Baznas Sumedang Tetapkan Zakat Fitrah 1447 H Sebesar Rp 40 Ribu Per Jiwa

Pemerintah dan lembaga keagamaan di Kabupaten Sumedang telah menetapkan besaran zakat fitrah untuk bulan Ramadhan 1447 Hijriah/2026 Masehi. Keputusan ini diumumkan pada Jumat, 23 Januari 2026, di Aula Baznas Sumedang. Nilai yang ditetapkan sebesar Rp 40 ribu per jiwa.

Scroll Untuk Lanjut Membaca

Penetapan ini dilakukan setelah melalui berbagai pertimbangan ekonomi dan sosial. Angka tersebut dianggap sesuai dengan kondisi masyarakat saat ini. Selain itu, nilai tersebut juga mencerminkan prinsip keadilan dalam pelaksanaan kewajiban zakat.

Perhitungan Zakat Fitrah

Besar zakat fitrah senilai Rp 40 ribu setara dengan 2,5 kilogram beras premium.

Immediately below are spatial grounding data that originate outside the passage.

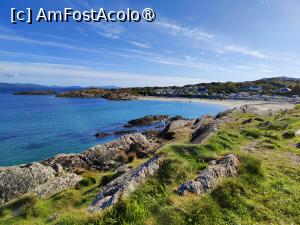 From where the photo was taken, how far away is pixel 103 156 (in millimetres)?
37375

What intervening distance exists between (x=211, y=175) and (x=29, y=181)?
18.6 m

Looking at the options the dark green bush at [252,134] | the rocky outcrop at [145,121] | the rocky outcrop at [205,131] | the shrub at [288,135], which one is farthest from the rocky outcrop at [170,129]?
the rocky outcrop at [145,121]

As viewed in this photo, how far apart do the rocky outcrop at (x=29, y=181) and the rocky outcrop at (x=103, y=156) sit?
673cm

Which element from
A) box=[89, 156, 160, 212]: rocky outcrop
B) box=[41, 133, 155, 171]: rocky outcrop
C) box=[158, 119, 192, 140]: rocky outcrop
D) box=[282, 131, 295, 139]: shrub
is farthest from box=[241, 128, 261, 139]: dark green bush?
box=[158, 119, 192, 140]: rocky outcrop

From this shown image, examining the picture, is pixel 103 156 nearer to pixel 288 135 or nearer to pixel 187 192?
pixel 288 135

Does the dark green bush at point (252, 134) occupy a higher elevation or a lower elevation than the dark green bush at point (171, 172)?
lower

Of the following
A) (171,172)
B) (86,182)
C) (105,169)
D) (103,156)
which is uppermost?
(171,172)

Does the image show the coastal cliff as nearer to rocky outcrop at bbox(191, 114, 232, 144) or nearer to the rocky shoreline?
the rocky shoreline

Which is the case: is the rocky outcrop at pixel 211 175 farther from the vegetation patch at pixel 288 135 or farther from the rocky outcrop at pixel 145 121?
the rocky outcrop at pixel 145 121

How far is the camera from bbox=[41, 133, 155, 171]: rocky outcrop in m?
34.8

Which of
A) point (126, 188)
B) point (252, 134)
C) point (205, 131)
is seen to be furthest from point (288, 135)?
point (126, 188)

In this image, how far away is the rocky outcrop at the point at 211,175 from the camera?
493 inches

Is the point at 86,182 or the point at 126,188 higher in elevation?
the point at 126,188

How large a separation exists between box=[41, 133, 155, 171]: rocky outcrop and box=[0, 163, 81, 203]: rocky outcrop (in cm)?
673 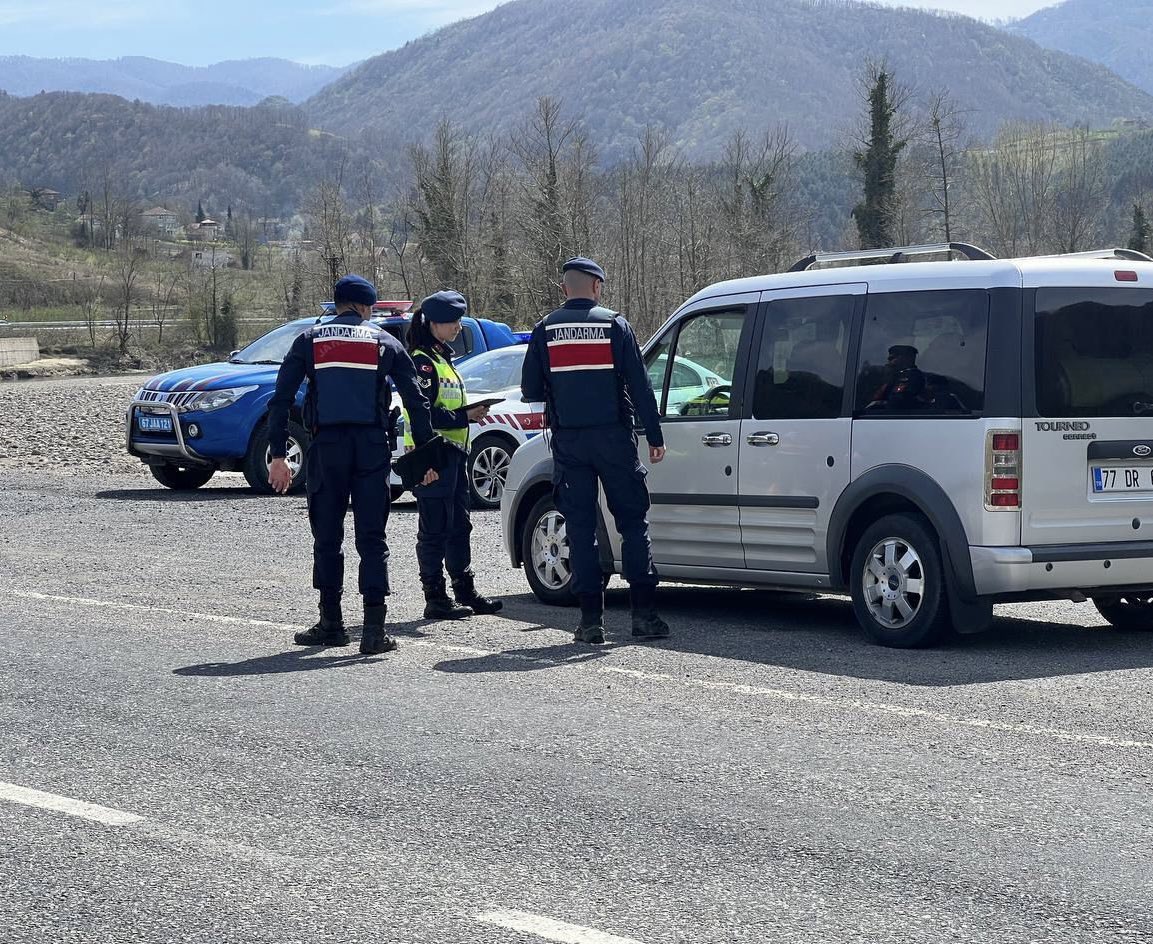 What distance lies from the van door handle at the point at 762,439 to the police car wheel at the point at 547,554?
1.54 metres

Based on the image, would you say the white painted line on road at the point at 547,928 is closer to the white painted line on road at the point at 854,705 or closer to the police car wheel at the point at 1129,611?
the white painted line on road at the point at 854,705

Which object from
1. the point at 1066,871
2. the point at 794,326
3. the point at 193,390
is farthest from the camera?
the point at 193,390

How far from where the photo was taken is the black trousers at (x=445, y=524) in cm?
984

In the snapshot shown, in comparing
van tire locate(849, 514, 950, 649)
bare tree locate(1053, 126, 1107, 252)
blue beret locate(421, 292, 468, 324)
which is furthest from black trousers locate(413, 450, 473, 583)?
bare tree locate(1053, 126, 1107, 252)

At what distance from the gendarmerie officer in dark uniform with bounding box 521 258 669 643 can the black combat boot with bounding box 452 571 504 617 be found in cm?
115

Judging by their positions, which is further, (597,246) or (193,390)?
(597,246)

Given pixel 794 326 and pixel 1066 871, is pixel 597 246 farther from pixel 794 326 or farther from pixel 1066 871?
pixel 1066 871

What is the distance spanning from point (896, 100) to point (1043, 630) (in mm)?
68125

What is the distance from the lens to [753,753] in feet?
19.8

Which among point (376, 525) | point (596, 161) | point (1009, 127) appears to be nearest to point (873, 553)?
point (376, 525)

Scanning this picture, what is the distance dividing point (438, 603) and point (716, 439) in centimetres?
198

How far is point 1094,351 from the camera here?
8.20 meters

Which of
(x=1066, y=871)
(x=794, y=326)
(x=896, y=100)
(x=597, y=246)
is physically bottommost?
(x=1066, y=871)

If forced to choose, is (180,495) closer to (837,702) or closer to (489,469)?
(489,469) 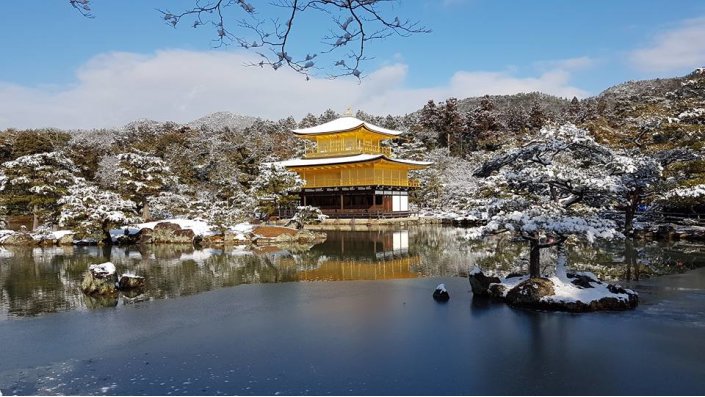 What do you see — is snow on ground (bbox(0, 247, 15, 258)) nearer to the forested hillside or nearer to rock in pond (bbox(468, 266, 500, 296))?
the forested hillside

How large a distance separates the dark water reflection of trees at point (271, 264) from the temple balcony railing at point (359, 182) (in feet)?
38.4

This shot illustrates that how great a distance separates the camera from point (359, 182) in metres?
32.1

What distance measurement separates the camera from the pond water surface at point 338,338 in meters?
5.13

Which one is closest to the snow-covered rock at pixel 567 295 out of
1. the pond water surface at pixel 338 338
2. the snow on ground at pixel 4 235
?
the pond water surface at pixel 338 338

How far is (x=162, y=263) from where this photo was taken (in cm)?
1488

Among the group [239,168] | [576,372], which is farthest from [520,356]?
[239,168]

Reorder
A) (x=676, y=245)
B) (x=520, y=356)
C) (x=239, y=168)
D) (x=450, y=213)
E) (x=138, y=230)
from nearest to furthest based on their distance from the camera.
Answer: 1. (x=520, y=356)
2. (x=676, y=245)
3. (x=138, y=230)
4. (x=450, y=213)
5. (x=239, y=168)

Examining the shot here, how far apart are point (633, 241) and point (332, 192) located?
63.4 feet

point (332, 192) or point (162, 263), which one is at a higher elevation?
point (332, 192)

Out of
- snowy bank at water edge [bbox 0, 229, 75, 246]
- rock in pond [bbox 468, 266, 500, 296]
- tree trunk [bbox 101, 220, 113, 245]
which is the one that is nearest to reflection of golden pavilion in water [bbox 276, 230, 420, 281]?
rock in pond [bbox 468, 266, 500, 296]

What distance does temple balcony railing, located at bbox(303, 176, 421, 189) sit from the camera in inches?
1248

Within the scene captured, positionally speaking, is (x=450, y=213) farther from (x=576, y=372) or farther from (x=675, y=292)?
(x=576, y=372)

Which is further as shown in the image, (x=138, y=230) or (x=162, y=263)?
(x=138, y=230)

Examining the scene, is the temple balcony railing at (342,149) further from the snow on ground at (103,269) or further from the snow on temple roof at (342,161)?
the snow on ground at (103,269) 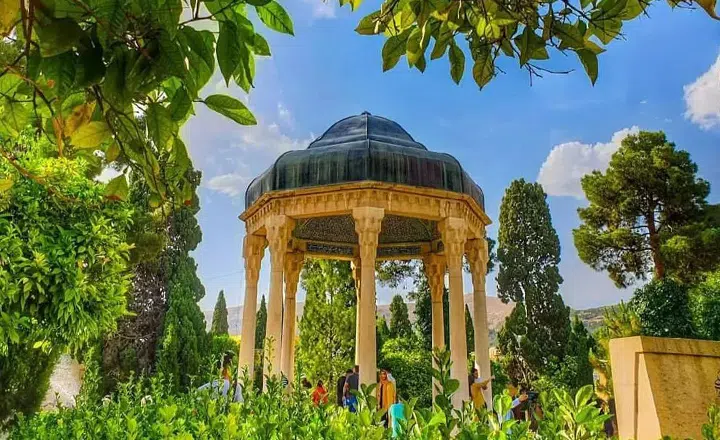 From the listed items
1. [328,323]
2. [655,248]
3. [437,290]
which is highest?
[655,248]

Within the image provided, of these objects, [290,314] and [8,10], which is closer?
[8,10]

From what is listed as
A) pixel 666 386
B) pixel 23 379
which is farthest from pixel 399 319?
pixel 666 386

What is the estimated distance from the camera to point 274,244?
27.3 ft

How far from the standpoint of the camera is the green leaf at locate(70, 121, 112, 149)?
1.01 metres

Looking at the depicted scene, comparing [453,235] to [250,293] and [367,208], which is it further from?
[250,293]

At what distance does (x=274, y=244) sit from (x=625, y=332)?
8.83 m

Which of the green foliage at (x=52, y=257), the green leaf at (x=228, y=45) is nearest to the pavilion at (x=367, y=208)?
the green foliage at (x=52, y=257)

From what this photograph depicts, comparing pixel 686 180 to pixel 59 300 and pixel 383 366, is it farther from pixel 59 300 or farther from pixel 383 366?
pixel 59 300

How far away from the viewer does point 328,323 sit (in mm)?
14492

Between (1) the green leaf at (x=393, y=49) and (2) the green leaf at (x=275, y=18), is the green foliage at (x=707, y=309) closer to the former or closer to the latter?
(1) the green leaf at (x=393, y=49)

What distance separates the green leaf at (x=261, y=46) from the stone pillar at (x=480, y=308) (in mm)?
8410

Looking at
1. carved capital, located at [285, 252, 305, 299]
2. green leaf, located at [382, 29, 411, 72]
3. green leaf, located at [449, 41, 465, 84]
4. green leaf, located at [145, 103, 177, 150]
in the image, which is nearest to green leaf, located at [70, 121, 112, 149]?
green leaf, located at [145, 103, 177, 150]

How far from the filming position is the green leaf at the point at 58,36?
721 millimetres

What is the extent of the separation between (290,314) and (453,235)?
417 centimetres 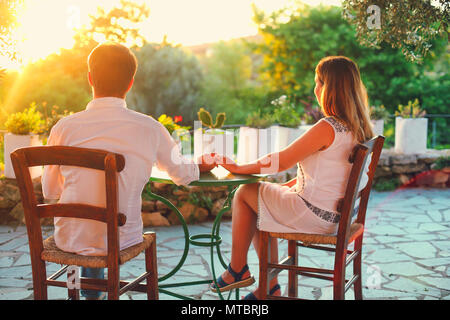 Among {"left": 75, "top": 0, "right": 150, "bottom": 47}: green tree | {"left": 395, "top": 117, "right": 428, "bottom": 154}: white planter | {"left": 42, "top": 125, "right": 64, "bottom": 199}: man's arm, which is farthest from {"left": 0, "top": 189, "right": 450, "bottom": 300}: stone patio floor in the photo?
{"left": 75, "top": 0, "right": 150, "bottom": 47}: green tree

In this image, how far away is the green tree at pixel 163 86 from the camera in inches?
554

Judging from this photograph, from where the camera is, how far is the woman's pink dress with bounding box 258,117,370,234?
7.86ft

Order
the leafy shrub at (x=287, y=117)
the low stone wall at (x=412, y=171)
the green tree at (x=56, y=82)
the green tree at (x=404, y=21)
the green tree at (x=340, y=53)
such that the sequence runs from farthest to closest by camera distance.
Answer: the green tree at (x=340, y=53), the green tree at (x=56, y=82), the low stone wall at (x=412, y=171), the leafy shrub at (x=287, y=117), the green tree at (x=404, y=21)

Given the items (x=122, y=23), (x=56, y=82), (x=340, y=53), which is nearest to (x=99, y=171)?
(x=56, y=82)

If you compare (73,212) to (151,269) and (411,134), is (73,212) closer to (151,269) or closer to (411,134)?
(151,269)

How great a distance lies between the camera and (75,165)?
1.89m

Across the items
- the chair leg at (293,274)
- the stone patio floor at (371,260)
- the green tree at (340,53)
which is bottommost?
the stone patio floor at (371,260)

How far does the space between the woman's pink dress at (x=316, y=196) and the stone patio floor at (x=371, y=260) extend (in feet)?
3.05

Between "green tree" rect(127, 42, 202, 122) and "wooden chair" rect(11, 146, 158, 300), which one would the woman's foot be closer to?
"wooden chair" rect(11, 146, 158, 300)

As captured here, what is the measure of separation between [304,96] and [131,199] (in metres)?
11.6

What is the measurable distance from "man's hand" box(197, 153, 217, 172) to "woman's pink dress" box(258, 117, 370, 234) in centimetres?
33

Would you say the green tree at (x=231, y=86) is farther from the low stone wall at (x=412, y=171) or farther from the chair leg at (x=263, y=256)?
the chair leg at (x=263, y=256)

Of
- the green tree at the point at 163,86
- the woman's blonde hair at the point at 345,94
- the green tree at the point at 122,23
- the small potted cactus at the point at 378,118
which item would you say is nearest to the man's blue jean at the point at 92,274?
the woman's blonde hair at the point at 345,94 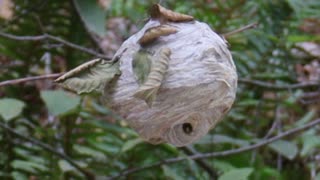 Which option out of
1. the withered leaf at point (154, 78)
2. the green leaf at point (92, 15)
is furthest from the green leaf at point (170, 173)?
the withered leaf at point (154, 78)

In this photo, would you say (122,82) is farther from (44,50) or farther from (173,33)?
(44,50)

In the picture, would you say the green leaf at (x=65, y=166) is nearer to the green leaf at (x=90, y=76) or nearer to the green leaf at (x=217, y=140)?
the green leaf at (x=217, y=140)

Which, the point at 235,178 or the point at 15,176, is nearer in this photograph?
the point at 235,178

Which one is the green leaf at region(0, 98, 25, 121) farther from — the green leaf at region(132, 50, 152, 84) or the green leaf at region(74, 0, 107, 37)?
the green leaf at region(132, 50, 152, 84)

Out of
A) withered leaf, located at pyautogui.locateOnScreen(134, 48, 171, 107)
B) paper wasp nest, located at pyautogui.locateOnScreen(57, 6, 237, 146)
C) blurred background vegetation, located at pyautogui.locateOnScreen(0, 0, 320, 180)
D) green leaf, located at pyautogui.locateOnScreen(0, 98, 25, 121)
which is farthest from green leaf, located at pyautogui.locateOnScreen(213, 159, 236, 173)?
withered leaf, located at pyautogui.locateOnScreen(134, 48, 171, 107)

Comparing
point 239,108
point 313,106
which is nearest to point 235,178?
point 239,108

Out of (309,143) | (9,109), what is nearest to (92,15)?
(9,109)

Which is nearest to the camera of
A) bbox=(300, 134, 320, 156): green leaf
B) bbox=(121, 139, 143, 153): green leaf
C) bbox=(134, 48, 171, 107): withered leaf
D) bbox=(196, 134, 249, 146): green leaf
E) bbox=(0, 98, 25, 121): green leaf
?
bbox=(134, 48, 171, 107): withered leaf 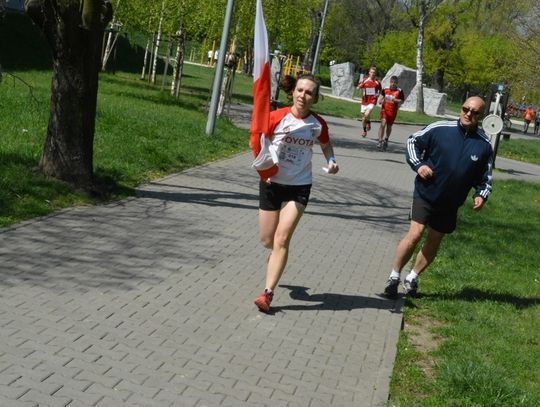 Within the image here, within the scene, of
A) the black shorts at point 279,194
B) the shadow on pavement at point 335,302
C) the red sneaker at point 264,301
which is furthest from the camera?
the shadow on pavement at point 335,302

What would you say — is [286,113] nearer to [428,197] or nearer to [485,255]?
[428,197]

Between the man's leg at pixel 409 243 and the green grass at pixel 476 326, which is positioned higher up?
the man's leg at pixel 409 243

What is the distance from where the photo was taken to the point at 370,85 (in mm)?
23734

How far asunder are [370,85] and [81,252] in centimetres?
1662

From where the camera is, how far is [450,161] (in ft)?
25.7

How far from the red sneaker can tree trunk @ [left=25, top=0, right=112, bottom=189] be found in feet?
13.6

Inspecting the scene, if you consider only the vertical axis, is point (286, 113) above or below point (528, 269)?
above

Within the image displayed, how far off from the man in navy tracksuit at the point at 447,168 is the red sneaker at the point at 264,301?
63.7 inches

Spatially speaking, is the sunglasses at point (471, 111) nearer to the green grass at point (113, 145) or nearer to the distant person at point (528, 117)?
the green grass at point (113, 145)

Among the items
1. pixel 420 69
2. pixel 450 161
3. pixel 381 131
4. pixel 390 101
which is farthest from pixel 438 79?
pixel 450 161

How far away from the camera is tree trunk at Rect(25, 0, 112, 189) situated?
10328mm

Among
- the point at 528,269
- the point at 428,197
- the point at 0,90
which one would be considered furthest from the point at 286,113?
the point at 0,90

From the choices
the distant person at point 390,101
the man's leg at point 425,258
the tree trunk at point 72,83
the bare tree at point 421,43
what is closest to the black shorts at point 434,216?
the man's leg at point 425,258

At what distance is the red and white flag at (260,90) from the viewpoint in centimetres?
726
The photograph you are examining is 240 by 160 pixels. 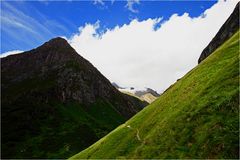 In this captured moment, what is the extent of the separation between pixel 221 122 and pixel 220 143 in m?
3.11

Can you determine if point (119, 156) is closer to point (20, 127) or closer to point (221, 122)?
point (221, 122)

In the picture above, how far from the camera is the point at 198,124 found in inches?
1454

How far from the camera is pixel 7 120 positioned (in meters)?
199

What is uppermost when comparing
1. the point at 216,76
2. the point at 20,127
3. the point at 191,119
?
the point at 20,127

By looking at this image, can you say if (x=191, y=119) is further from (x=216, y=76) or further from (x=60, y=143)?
(x=60, y=143)

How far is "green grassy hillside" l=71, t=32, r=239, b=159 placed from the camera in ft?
107

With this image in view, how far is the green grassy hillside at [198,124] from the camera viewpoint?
107 ft

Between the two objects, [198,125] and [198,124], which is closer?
[198,125]

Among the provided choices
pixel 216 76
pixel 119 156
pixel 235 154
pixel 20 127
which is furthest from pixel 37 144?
pixel 235 154

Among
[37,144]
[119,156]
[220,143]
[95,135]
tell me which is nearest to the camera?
[220,143]

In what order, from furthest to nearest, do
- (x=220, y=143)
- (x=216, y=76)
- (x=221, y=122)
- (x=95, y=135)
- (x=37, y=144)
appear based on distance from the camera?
(x=95, y=135) → (x=37, y=144) → (x=216, y=76) → (x=221, y=122) → (x=220, y=143)

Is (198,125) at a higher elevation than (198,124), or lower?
lower

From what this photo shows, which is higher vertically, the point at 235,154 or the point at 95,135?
the point at 95,135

Dengan harga beras saat ini sekitar Rp 16 ribu per kilogram, maka totalnya memang sesuai dengan angka yang ditetapkan.

Ketua Baznas Sumedang, Ayi Subhan Hafas, menjelaskan bahwa penentuan nilai ini bertujuan agar tidak memberatkan para muzaki. Namun, dana yang terkumpul tetap bisa memberikan manfaat maksimal bagi mustahik atau penerima zakat.

Penyusunan Keputusan Resmi

Hasil dari rapat pleno akan segera disampaikan kepada Bupati Sumedang untuk ditetapkan melalui Surat Keputusan Bupati. Proses ini menjadi langkah formal agar penggunaan dana zakat dapat lebih terstruktur dan transparan.

Baznas juga mengimbau masyarakat untuk mulai menunaikan zakat fitrah sejak awal bulan Ramadhan. Hal ini dimaksudkan agar penyaluran dana bisa lebih cepat dan tepat sasaran.

Capaian Penghimpunan Tahun Lalu

Dalam tahun lalu, yakni 1446 H/2025 M, Baznas Sumedang berhasil menghimpun dana zakat fitrah sebesar Rp 33.118.880.000. Angka ini melebihi target RKAT sebesar Rp 33.082.500.000.

Meskipun capaian positif, tingkat kepatuhan masyarakat masih perlu ditingkatkan. Data dari Unit Pengumpul Zakat (UPZ) menunjukkan bahwa hanya sekitar 67,96 persen penduduk muslim yang membayar zakat fitrah.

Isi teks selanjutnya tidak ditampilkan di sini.